What the task requires: Find every line in the records below that holds the word "Property", and copy each one.

Caption-style text data
......

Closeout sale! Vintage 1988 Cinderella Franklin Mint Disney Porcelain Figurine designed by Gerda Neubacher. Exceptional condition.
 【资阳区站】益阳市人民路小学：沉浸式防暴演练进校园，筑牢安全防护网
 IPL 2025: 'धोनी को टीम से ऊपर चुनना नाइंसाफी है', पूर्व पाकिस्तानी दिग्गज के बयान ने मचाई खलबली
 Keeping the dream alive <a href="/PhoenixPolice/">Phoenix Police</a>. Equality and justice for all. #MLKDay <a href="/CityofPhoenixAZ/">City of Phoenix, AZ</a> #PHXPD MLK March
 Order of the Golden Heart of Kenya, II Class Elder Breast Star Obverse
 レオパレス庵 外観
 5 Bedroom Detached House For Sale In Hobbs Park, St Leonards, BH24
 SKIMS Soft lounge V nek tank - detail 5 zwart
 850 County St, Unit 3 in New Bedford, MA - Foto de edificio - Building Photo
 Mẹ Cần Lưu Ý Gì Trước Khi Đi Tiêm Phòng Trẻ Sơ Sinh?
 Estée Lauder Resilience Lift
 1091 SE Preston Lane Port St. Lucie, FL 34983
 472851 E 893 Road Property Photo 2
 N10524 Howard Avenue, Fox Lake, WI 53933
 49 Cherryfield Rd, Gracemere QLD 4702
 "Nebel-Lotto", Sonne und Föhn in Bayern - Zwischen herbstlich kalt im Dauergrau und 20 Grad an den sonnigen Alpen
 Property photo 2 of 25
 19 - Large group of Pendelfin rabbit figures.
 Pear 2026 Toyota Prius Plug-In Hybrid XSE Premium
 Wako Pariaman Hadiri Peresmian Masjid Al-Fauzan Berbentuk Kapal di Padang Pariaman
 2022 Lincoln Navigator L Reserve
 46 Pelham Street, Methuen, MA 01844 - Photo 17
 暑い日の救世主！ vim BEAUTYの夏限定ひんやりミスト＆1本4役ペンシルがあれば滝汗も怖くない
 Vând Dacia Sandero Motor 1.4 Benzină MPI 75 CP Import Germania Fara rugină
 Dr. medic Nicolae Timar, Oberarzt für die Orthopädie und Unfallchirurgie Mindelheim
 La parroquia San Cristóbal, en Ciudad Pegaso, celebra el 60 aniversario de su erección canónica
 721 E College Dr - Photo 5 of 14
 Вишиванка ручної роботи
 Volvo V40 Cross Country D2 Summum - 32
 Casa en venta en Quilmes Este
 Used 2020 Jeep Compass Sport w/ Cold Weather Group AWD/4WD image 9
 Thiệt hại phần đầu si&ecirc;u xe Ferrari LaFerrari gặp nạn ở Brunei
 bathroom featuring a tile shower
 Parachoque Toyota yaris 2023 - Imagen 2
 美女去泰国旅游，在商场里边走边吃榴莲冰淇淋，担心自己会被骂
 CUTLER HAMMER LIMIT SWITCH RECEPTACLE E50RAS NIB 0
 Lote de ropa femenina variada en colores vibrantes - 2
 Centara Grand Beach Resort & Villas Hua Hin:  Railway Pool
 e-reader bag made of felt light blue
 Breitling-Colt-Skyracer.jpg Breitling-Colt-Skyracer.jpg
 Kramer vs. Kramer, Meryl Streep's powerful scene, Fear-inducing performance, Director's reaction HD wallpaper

......

Answer below:
 472851 E 893 Road Property Photo 2
 Property photo 2 of 25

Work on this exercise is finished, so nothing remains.